Congrats to Tim Milligan, Steve Penny, and Push on the DERBY WIN!! 17 Points!!


----------



## MardiGras (Feb 9, 2004)

CONGRATS to Rickey, Bee & Gem on winning the Open!!

Also CONGRATS to Tim, Steve & Push!!! And Marshall & Hannah for winning the Qual!!!

Way to go !!!!


----------



## LukesMom (Sep 8, 2009)

Anyone have other Qual & Open placements?


----------



## rboudet (Jun 29, 2004)

Open
1-gem Ricky Edge
2-Merle Farmer
3-moose Smith
4-Brutus brasseaux
Rj- Cody smith
And a whole lot of jams


----------



## Jacob Hawkes (Jun 24, 2008)

Good job Merle (New FC.), Moose (Mr. Mark.) & Brutus (Ryan.). 

Thanks for posting the results.
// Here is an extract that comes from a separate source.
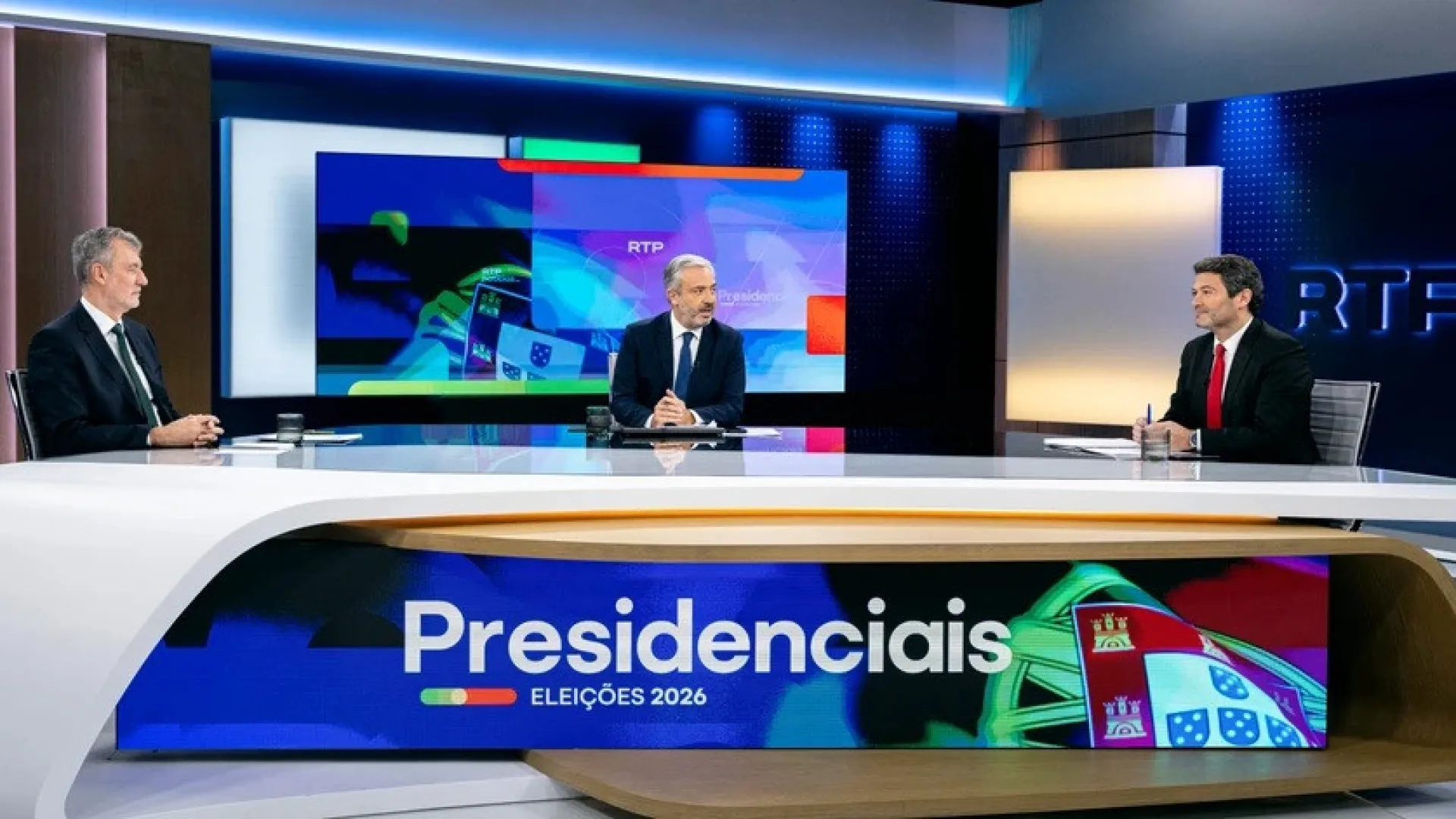 
                    Gouveia e Melo vs Ventura: Nacionalidade, Constituição (e o almoço)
Congrats to the others who placed.


----------



## Jimmy Ausmus (Aug 18, 2009)

Marshall Stone, Steve Penny, Rickey Edge Congats to all of you, great folks !

..Jimmy


----------



## mikebeadle (Dec 26, 2003)

Does that title Merle? 

Mike


----------



## iTrain (Dec 14, 2009)

Am results:
Tia caire first
? Stupka second
Sweet bogusky third
Gracie mcclure fourth
Ali lane rj


----------



## Jacob Hawkes (Jun 24, 2008)

mikebeadle said:


> Does that title Merle?
> 
> Mike


Yes sir it does. FC Merle.


----------



## Jacob Hawkes (Jun 24, 2008)

Way to go Tia/Mrs. Suzan, Gracie/Mrs. Sylvia, & Ali/Mr. Bobby.


----------



## duke7581 (Jan 17, 2008)

way to go Brutus congrats Ken and Ryan


----------



## MikeBoley (Dec 26, 2003)

Congrats to Ricky and Gem, Suzan and Tia, Marshall and Hannah, Steve and Push, and all the others who placed.
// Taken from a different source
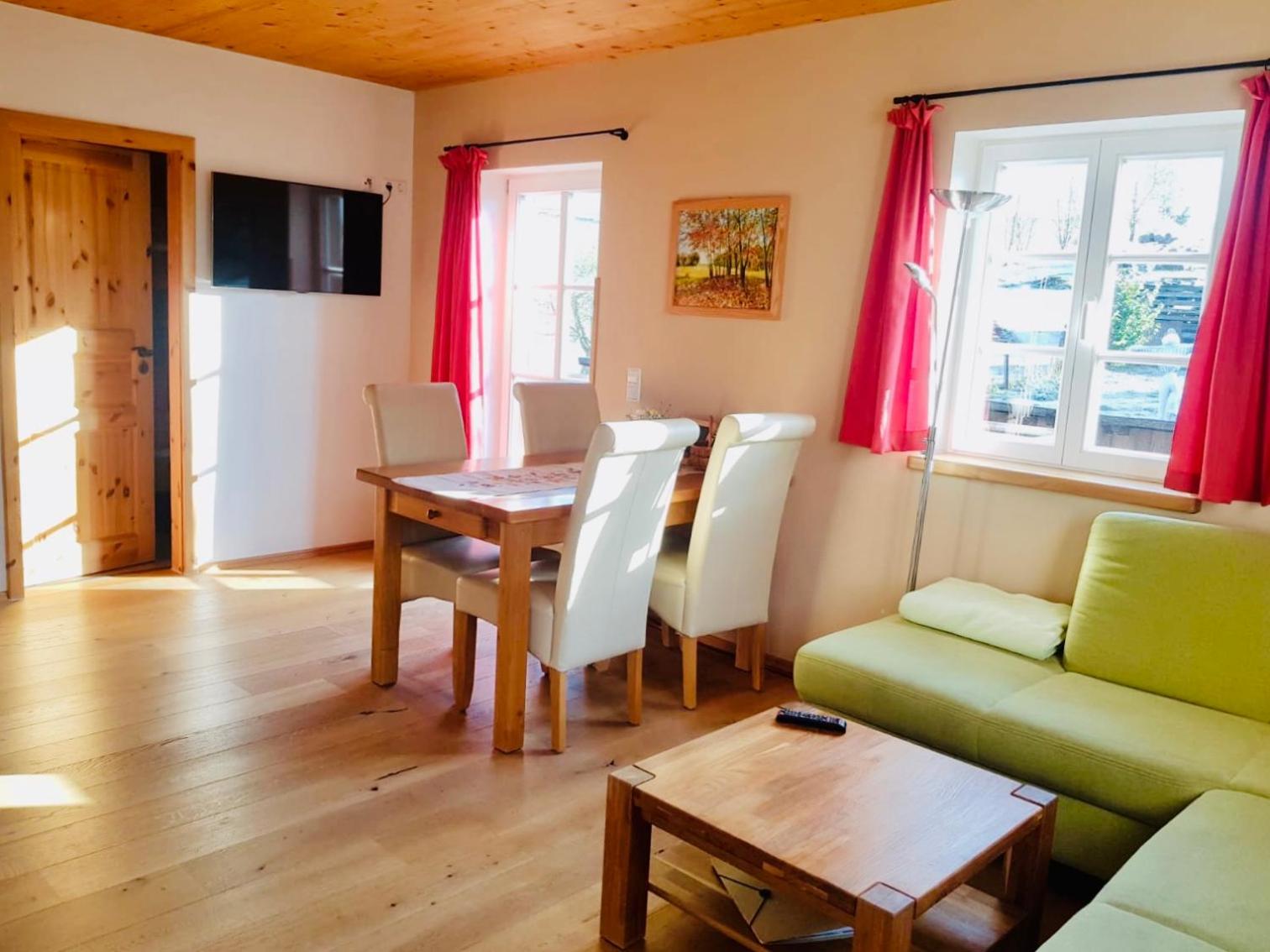 Ferienhaus Winterbergblick, Nationalpark Sächsische Schweiz, 5 Wohnungen und Gemeinschaftsraum, Boulderraum und Sauna im Haus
Had a good time at my brief appearance in cajun country.


----------



## Jay Dufour (Jan 19, 2003)

Congrats all placements and JAMS !


----------



## marshallstone (Feb 14, 2011)

bfarmer said:


> Huge congrats to Hannah, Marshall and Kay Stone on the QUAL WIN!!!!!


Thanks Bobby, Finally got to run a qual that Milligan wasn't in... It's amazing what 2 days of training with Tim last summer did for us..... Thanks Tim!!!!


----------



## TMURRAY (Feb 17, 2005)

bfarmer said:


> Congrats to Tim Milligan, Steve Penny, and Push on the DERBY WIN!! 17 Points!!


Also to Tim , Mike and Sadie on the second!!!


----------



## jazztime (Mar 3, 2008)

A big congratulations to Gem and Rickey!!! We knew you could do it!

From your Mom,
FC-AFC-CFC-CAFC-MHR-MPR Jazztime Albertawind v Pekisko and ALL the
Jazztime Crew


----------



## Guest (Feb 14, 2011)

Jacob Hawkes said:


> 1 point shy if my math is correct.
> 
> 1 1st
> 
> ...


What does 5 + 3 + 1 + 1 equal?


----------



## Tom Watson (Nov 29, 2005)

Congratulations to Suzan Caire/Tia and Wayne Stupka for their Blue and Red in the Am and to Ken Barton/Brutus for the Open 4th!!


----------



## Jacob Hawkes (Jun 24, 2008)

Melanie Foster said:


> What does 5 + 3 (2) + 1 + 1 equal?


Thank you. I thought he was a FC but was talked out of it (You'll notice the edit to your quote. Now you see where the 9 came from?) 

My apologies/congrats to Mr. Keith & of course FC Merle.


----------



## duke7581 (Jan 17, 2008)

any idea which dog wayne got 2nd with


----------



## Dave Plesko (Aug 16, 2009)

Melanie Foster said:


> What does 5 + 3 + 1 + 1 equal?


Does anyone have a calculator? The suspense is killing me.


----------



## Tom Watson (Nov 29, 2005)

I think Wayne placed with Misty.


----------



## Aaron Homburg (Sep 23, 2005)

*Congratz to all the folks that placed down in Cajun Country!!!!

Aaron*


----------